The PyroManiacs devote some space each weekend to highlights from the lifetime of works from the Prince of Preachers, Charles Haddon Spurgeon. The following excerpt is from The Metropolitan Tabernacle Pulpit, volume 26, sermon number 1,513, "Cheer up, my comrades!"
"A little man with one talent all ablaze may become a perfect nuisance to the devil, and a champion for Christ."
Do you not recollect the parable of the men who had talents entrusted to them? I do not want to lay undue stress upon the fact that it was the man who had one talent who buried it. Yet why is he represented as doing so? I think it was not because the men of two and five talents do not sometimes bury theirs, but because the temptation lies most with the one talent people.
They say, "What can I do? What is the use of me? I may be excused." That is the temptation. Brother, do not be entangled in that snare. If your Lord has only given you one talent he does not expect you to make the same interest upon it as the man does with five; but still he does expect his interest, and therefore do not wrap your talent in a napkin.
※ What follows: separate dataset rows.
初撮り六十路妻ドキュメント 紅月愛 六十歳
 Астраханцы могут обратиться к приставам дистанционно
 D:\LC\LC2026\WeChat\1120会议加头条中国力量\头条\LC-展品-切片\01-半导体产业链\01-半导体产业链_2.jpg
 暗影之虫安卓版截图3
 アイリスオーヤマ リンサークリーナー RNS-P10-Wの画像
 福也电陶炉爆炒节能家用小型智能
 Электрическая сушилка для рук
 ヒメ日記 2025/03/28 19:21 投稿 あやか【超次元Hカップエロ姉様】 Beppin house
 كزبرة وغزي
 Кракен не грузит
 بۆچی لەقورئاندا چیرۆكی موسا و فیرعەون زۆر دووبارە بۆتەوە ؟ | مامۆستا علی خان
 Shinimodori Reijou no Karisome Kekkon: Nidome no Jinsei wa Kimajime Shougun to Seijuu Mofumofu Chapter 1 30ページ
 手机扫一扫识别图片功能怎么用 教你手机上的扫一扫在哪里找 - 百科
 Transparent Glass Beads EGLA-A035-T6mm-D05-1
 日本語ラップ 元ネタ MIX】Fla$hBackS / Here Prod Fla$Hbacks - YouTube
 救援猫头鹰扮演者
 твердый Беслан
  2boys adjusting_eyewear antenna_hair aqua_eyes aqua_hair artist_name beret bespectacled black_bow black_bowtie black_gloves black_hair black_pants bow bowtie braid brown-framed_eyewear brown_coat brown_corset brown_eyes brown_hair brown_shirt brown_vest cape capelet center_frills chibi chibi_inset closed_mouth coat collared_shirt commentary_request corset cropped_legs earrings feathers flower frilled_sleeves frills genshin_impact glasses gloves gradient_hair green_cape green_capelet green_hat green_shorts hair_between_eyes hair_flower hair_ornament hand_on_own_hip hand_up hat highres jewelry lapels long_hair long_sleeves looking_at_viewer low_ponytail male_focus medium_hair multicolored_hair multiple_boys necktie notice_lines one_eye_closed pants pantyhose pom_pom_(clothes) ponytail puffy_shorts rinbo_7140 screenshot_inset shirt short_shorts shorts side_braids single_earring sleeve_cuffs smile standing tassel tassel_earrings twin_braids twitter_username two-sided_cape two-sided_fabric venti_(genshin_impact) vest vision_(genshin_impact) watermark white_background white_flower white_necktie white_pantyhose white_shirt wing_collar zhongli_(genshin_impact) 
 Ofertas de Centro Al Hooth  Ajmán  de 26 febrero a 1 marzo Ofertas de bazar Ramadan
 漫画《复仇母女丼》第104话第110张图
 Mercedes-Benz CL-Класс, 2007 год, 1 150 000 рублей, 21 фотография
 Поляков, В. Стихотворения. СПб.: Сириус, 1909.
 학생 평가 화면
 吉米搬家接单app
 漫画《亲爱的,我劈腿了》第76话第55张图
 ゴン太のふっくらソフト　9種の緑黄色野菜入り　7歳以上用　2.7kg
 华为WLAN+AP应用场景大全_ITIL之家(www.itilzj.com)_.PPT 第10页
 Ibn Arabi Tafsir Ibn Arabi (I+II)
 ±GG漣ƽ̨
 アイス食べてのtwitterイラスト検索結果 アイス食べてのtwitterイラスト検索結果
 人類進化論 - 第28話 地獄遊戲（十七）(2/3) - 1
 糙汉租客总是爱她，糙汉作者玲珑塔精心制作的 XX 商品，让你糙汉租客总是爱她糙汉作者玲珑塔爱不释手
It is but with strength imparted that any of us can serve him. We have nothing to consecrate to him but the gift we have first received from him. You are weak. You feel it; but what says your God to you? "Not by might nor by power, but by my Spirit, saith the Lord."
He can make you useful though you have no extraordinary endowments. Grape-shot may do great execution, though it cannot compare with grenade or bomb-shell. A sinner may be brought to Christ by the simple earnestness of a peasant or an artisan, without calling in the aid of a professor's learning or a preacher's eloquence.
God can bless you far above what you think to be your capacity, for it is not a question of your ability but of his aid. You have no self-reliance, you tell me. Then take refuge in God, I entreat you, for you evidently want more of the divine succour.
Go and get it; it is to be had. He girds the weak with strength. "The young men shall faint and be weary, but they that wait upon the Lord shall renew their strength." Why, I think you are more likely to do good than if you had five talents, for now you will pray more and you will depend more upon God than you would have done if you had possessed strength of your own.
1 comment:
I wonder what Spurgeon would say to the one with ten talents? I know the parable in question is teaching about the 'one talent' individual, but I don't really relate to that. In all honesty, without meaning to boast, I find myself spoilt for choice. What does one do when they seem to have more talents than they can handle? Invest them all and risk them failing for lack of attention to each? Or only invest some of them, to ensure a profit on those?